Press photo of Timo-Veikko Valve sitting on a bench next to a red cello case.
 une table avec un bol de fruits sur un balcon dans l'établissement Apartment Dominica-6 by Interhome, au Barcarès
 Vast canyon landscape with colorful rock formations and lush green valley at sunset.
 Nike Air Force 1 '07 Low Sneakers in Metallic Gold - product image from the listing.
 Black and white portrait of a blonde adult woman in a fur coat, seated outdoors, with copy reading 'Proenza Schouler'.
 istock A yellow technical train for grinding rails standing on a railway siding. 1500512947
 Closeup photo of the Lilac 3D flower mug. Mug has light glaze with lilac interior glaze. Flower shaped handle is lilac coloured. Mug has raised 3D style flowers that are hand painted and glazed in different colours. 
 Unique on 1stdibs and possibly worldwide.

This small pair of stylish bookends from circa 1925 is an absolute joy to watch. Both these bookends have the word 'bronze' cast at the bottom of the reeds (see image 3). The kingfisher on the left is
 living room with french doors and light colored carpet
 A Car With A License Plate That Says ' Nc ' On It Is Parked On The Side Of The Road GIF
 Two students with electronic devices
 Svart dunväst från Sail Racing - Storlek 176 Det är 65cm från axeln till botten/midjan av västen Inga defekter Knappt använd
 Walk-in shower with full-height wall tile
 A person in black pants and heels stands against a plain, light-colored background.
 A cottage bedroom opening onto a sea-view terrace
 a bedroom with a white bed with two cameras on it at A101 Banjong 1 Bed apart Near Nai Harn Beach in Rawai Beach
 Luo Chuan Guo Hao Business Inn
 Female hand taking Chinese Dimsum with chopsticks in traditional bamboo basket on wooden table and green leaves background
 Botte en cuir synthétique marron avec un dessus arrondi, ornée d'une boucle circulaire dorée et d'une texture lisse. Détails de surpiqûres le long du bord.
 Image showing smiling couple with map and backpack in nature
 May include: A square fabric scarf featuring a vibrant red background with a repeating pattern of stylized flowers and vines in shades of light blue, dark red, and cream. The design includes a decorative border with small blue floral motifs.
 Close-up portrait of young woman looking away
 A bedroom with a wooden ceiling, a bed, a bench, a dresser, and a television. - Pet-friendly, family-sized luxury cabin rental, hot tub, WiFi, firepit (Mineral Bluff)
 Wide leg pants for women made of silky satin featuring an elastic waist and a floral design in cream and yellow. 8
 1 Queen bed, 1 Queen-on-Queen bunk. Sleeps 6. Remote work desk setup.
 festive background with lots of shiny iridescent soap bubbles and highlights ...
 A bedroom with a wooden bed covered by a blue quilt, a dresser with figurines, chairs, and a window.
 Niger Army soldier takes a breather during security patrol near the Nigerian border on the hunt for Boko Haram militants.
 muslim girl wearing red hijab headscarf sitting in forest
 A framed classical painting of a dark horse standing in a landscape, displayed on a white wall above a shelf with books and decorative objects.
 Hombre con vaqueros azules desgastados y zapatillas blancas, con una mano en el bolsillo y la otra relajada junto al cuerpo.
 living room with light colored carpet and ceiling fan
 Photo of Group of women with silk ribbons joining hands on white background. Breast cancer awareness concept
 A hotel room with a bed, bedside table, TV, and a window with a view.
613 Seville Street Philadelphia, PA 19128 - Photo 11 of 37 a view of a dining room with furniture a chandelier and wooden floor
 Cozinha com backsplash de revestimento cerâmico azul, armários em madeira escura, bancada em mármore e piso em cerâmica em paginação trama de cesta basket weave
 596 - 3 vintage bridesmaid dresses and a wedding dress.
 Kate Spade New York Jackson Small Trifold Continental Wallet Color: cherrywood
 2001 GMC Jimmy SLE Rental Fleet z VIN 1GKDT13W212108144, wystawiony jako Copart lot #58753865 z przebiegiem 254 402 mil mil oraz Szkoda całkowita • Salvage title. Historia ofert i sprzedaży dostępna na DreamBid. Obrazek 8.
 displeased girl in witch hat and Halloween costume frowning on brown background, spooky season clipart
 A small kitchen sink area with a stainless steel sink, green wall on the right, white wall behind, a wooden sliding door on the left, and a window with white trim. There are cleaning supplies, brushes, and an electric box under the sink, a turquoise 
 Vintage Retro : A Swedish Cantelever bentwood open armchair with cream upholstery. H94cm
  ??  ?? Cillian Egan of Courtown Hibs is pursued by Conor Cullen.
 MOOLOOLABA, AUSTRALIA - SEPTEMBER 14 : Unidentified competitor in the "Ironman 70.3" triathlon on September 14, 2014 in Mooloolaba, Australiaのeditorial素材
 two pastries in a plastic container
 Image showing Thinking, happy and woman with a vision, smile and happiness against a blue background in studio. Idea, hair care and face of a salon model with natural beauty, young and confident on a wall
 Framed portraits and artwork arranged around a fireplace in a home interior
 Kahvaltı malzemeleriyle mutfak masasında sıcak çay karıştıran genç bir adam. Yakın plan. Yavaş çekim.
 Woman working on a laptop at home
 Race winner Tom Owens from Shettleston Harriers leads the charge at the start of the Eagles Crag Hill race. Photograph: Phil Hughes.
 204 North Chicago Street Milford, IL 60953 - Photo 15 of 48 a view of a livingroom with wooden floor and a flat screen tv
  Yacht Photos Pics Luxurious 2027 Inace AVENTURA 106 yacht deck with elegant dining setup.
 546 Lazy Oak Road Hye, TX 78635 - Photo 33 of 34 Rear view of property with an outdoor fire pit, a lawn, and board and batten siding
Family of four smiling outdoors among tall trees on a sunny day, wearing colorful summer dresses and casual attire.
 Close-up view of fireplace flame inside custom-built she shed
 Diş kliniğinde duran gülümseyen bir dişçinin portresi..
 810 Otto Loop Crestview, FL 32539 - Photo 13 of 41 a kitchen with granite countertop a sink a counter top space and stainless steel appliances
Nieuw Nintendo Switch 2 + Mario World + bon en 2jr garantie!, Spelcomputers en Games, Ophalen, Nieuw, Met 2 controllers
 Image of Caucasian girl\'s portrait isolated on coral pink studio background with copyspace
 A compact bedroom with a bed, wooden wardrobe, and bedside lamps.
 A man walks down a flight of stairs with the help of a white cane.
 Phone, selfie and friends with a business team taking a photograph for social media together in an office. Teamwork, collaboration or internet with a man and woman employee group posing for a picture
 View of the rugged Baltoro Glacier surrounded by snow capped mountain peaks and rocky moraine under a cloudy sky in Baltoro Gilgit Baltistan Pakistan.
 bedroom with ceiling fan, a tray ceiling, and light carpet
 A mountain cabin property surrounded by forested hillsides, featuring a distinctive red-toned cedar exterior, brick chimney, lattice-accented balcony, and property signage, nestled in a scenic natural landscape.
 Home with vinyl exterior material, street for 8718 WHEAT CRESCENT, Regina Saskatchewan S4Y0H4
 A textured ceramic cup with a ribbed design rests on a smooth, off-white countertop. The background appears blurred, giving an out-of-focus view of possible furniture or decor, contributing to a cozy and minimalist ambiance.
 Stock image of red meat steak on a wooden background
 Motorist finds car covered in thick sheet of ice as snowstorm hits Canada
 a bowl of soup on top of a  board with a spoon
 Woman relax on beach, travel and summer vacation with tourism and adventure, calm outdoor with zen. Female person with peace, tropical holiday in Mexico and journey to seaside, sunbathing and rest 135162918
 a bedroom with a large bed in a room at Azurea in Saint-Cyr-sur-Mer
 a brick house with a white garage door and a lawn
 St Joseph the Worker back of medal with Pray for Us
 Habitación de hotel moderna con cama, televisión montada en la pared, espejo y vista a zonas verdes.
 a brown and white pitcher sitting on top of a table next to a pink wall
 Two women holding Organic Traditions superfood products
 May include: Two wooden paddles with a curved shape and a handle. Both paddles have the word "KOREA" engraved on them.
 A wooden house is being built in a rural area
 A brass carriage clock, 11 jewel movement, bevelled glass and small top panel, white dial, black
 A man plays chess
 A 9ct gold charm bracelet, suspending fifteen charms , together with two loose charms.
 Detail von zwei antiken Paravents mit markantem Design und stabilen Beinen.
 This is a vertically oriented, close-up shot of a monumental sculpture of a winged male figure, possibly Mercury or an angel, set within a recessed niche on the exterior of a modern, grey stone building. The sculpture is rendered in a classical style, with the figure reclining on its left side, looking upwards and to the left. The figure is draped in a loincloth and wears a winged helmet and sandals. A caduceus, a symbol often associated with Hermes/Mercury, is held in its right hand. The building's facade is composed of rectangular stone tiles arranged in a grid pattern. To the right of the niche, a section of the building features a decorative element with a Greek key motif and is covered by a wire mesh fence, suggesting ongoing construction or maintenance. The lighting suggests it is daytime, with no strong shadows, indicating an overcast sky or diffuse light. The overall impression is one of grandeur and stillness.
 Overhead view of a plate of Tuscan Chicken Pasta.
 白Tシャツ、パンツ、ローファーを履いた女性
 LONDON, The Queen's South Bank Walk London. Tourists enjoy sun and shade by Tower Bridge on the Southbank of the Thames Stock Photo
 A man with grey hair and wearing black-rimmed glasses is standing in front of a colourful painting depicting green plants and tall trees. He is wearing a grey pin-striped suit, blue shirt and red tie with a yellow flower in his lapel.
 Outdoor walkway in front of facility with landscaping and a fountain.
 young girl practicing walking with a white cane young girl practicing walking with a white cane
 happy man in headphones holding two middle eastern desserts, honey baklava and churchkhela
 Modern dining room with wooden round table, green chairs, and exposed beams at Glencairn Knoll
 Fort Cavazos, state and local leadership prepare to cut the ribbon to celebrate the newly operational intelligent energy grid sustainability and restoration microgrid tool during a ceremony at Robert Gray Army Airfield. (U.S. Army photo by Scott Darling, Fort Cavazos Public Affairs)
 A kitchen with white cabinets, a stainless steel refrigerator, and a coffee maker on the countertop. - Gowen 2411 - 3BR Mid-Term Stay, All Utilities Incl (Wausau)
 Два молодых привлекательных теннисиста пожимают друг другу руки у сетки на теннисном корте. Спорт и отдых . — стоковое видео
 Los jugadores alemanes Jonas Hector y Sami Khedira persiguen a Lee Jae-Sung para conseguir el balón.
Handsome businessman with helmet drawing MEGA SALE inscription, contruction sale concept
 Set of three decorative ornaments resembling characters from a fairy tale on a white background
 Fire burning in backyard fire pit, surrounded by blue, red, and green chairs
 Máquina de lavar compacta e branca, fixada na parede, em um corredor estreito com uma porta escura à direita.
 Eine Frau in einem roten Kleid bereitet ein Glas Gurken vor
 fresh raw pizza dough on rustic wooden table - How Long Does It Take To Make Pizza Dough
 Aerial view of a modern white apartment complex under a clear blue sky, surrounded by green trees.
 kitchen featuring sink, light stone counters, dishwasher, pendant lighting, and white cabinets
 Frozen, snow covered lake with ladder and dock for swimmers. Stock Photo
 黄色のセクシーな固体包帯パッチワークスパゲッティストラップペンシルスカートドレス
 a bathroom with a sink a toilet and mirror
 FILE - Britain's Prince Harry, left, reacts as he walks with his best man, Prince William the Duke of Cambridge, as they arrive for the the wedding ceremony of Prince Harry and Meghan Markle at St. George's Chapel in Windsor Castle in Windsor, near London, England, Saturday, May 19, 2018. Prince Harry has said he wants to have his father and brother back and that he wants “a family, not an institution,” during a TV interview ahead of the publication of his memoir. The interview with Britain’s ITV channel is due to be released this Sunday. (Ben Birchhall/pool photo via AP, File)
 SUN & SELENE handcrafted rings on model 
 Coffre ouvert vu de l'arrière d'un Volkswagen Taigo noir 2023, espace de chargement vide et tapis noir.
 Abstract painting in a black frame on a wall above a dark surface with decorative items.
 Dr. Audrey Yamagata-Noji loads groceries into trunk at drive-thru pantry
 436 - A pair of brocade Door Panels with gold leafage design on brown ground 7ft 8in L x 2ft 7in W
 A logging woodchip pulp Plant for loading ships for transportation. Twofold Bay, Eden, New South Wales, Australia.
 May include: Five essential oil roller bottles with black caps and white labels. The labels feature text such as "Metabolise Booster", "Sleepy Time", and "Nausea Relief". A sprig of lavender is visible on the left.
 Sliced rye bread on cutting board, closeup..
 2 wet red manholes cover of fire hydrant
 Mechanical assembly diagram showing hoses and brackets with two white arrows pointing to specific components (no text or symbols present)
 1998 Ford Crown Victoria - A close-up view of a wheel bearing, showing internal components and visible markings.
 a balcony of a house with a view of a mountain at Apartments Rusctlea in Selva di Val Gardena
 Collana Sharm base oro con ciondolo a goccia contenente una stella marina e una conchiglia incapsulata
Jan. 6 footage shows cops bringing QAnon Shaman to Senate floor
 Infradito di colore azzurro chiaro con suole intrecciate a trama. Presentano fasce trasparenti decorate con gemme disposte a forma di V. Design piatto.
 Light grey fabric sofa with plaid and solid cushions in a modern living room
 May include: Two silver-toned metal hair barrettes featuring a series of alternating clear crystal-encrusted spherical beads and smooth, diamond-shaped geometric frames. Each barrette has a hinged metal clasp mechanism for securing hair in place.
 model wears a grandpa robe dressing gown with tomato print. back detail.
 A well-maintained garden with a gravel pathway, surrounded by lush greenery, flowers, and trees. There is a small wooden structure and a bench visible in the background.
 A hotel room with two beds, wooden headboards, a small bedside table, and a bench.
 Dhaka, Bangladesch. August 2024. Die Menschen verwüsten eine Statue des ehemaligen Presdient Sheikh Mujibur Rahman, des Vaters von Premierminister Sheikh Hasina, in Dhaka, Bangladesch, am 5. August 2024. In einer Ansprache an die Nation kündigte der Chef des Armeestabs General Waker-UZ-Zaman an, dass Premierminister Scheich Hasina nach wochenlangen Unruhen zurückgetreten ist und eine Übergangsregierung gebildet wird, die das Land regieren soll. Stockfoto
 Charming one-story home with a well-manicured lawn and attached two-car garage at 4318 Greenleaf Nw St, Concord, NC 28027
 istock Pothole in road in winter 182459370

> [WORK REQUIRED]: Working from the material above, restate word for word the lines between the line with "Race winner Tom" and the line with "Yacht Photos Pics", both included, and only those.

> [RESPONSE]:
 Race winner Tom Owens from Shettleston Harriers leads the charge at the start of the Eagles Crag Hill race. Photograph: Phil Hughes.
 204 North Chicago Street Milford, IL 60953 - Photo 15 of 48 a view of a livingroom with wooden floor and a flat screen tv
  Yacht Photos Pics Luxurious 2027 Inace AVENTURA 106 yacht deck with elegant dining setup.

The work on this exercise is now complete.